If you are into looks above ultimate sq....then they aren't for you bud.


----------



## chad (Jun 30, 2005)

I would not call isobaric ultamate in SQ, drivers have come a long way since isobaric was cool. How about shorting rings? do the drivers have shorting rings? Is anything done to reduce distortion? IIRC these are FAR from inexpensive sets, with a seemingly inexpensive feature set.


----------



## jimmy2345 (Jul 12, 2010)

....and an above expensive sound.


----------



## Cablguy184 (Oct 7, 2010)

chad said:


> I would not call isobaric ultamate in SQ, drivers have come a long way since isobaric was cool. How about shorting rings? do the drivers have shorting rings? Is anything done to reduce distortion? IIRC these are FAR from inexpensive sets, with a seemingly inexpensive feature set.


Sir, I wish you could sit and listen to my truck before you made judgement on these ISO-Kit systems. Distortion ?? What distortion ?? 
Iv'e been running a pair of ISO-Kits for 2 years now with NO problems ... Well, except for shaking all my bolts and pannels loose from making such LOW frequiency notes at high volumes ... 
I demo just about every weekend, plus jamming everywhere I go.
All kinds of music, trust me, I ain't scared of a volume control ... The tightest notes, hard hitting, great sounding driver setups !!! 
In my oppinion, after competing for 2 seasons with this setup, these ISO-Kits are perfect for Sound Quality ... Just my suggestion, Randal ...


----------



## chad (Jun 30, 2005)

ugh I Knew it was pointless to attempt to actually start a discussion.

Jimmy, it's simple re-badged drivers... AKA LPG tweeters, etc. you can sound expensive too with a click to madisound and 20 percent of the monies.

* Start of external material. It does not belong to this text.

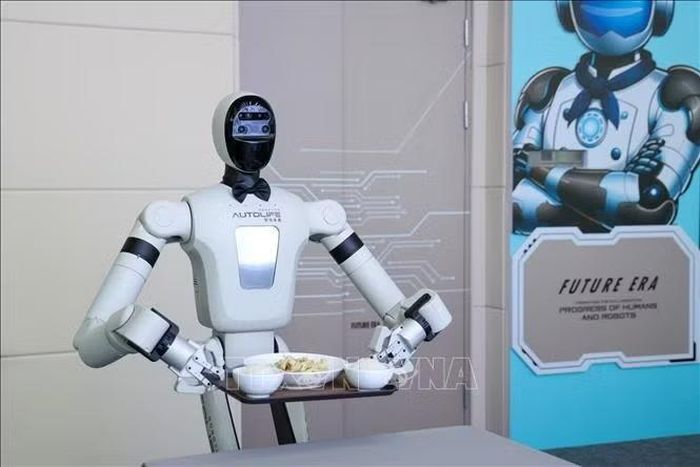 Robot hình người phục vụ tại một nhà hàng ở thành phố Thâm Quyến, tỉnh Quảng Đông, Trung Quốc, ngày 4/8/2026. Ảnh: THX/TTXVN phát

Randall I NEVER said that it was it for you, I said that given current driver technology it's pointless to add a second driver to an alignment, dump twice as much power at it and gain NO sensitivity or output. The technology is as old as the Car Audio mag that I read it in what? 1989, 1990? it was a beginning attempt to use a small enclosure, you kept the SAME amount of cone surface area, SAME amount of X-Max, and added more motor that's acoustically coupled toe the radiating surface, that's IT, no way to dodge the fact and numbers/science does not lie. With modern driver tech you can DOUBLE surface area, ADD X-Max, ADD power handling and vastly gain output without having to have one driver literally help the other along. THAT is what isobaric is.


----------



## jimmy2345 (Jul 12, 2010)

In the case of Blues, it's to further control and dampen the driver. The isobaric tube also lets the drivers play lower in a smaller enclosure.

The fact is, I haven't heard one current driver with a true fast transient response that the Blues have. Why? Because with all that new technology you speak of came heavy motor assemblies and moving parts which weighs down the cone. Not one new driver is as fast and smooth as the Blues. 

You are missing the point, Chad. Not everyone wants to add more output. They want the very best SQ there is.


----------



## jimmy2345 (Jul 12, 2010)

chad said:


> Jimmy, it's simple re-badged drivers... AKA LPG tweeters, etc. you can sound expensive too with a click to madisound and 20 percent of the monies.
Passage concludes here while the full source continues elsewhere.